# Retiree expat taxes in italy



## Shaka

I know there are several threads about taxes but I haven't found my answer among them.
As far as I know as an retired US citizen living in Italy I will pay taxes to the US and Italy but can benefit from exemptions on taxes paid in the USA. Can someone clarify the tax situation in this scenario?
Tax free allowance for a retired married couple is approx $20,000, on next $17,000 or so tax is due at 10% by USA standards. So does the Italian tax requirements mean that tax is due on income over the tax free allowance in this case over and above $20,000 or so and is the tax rate the difference between 10% already paid and whatever Italys' tax rate is.
Also could someone clarify whether tax is due on incomes from 401k ,pensions ,IRA in Italy,I read that social security is not taxable in Italy. We will not be working or earning any income in Italy so does anyone know how much money you are required to prove that you have in order to obtain residency?

Thank you


----------



## accbgb

Do you have Italian or other EU citizenship? Or, will you be living in Italy under an Elective Residency visa?


----------



## Shaka

We also have EU citizenship as we were born and lived in Ireland prior to going to the USA


----------



## BBCWatcher

Yes, my understanding also is that non-Italian citizens resident in Italy who are receiving U.S. Social Security benefits only pay U.S. tax on those benefits. At least some of the U.S. tax advantaged retirement savings accounts are only taxed by the U.S. as well. That'll all be per the U.S.-Italy tax treaty.
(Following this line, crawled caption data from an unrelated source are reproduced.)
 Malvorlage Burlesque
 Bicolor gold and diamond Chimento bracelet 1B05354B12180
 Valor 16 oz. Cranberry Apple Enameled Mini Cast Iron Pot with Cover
Otherwise, the basic, general, slightly oversimplified rule is that you'll pay tax first to the country that's the source of the income, and you'll get a foreign tax credit for that amount to credit in the other country's tax system. (But you can't "ping pong.") If the tax rate on that income is higher in the other country, you'll pay the difference to that country.

Italy also has a pair of wealth taxes on foreign assets, and like the U.S. it requires disclosure of foreign assets, although their Form RW requires more information.
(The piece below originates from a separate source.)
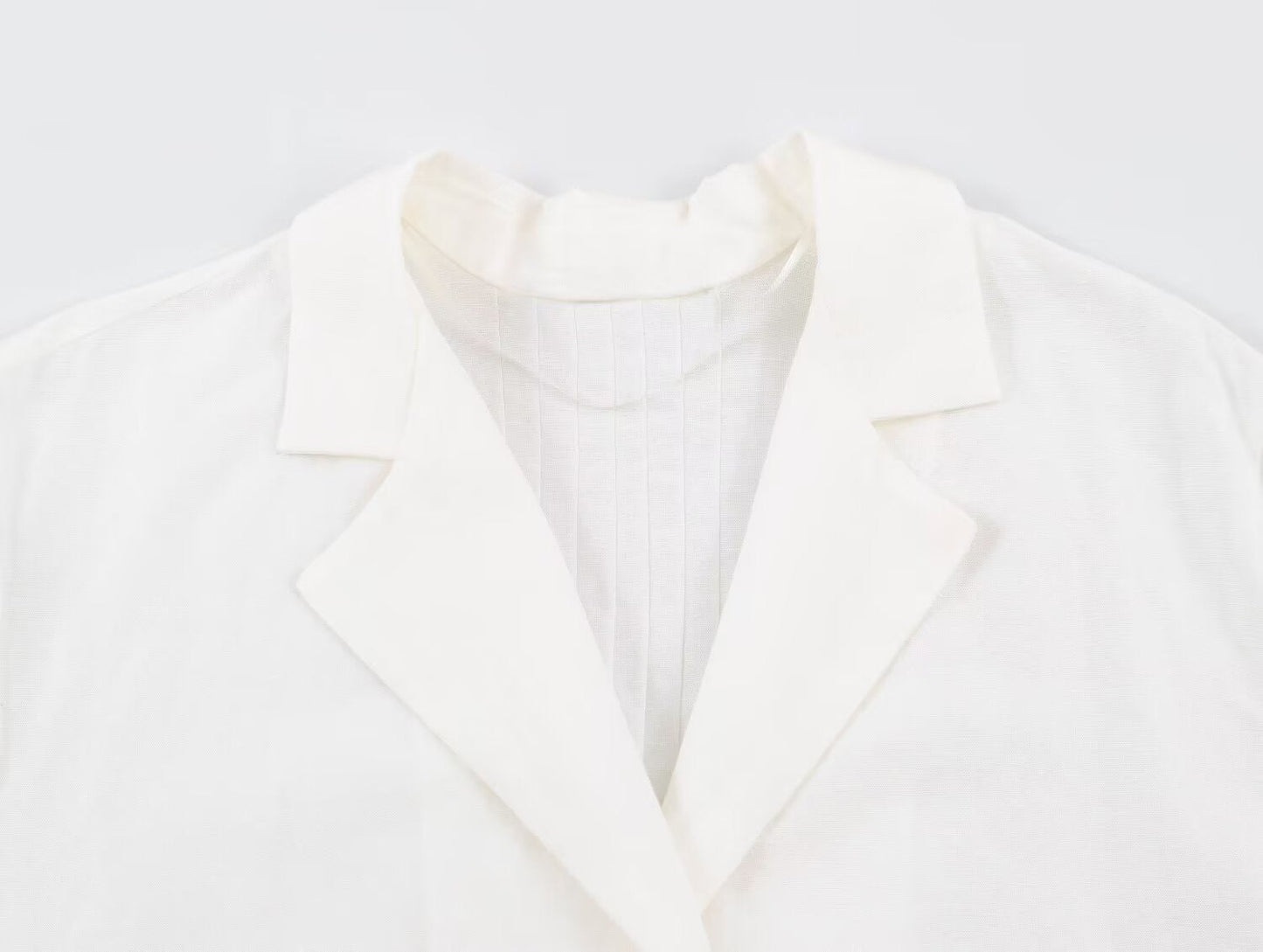 suit Women's 2 pieces button decoration casual shirt+lantern pants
That's a quick summary. Any follow up questions?


----------



## NickZ

No.

Social Security Agreement | Italy - United States Diplomatic Mission

If you're resident in Italy you pay in Italy.

The Italian tax free allowance depends on age. I think it used to start at about €7K per senior. Going up for older seniors. Some of that gets clawed back with higher income levels. You'll that pay according to the normal Italian rates.


----------



## BBCWatcher

You said "No" but linked to a page that confirms what I wrote. The "dual citizen" part refers to dual citizens of Italy and the United States, not to dual citizens of Ireland and the United States, so that might be the source of confusion.


----------



## NickZ

Read the link again.

An US citizen files in Italy (reports). They also file in the US. They get a tax credit in the US on Italian taxes paid . You'll note no credit provide by Italy for US taxes paid. Italy gets first bite.


----------



## BBCWatcher

OK, thanks for the correction. I'm reading what I wrote upthread and don't know why I wrote it. I actually knew this but didn't write it up correctly. Thanks for catching that.

Yes, if you're a U.S. citizen who is not also an Italian citizen, and if you are a resident of Italy, per the U.S.-Italy tax treaty you:

(a) Pay Italian income tax on your U.S. Social Security benefit first;
(b) Take that Italian income tax and apply it as a Foreign Tax Credit on your U.S. tax return (IRS Form 1116) if there is any U.S. income tax owed on that Social Security benefit.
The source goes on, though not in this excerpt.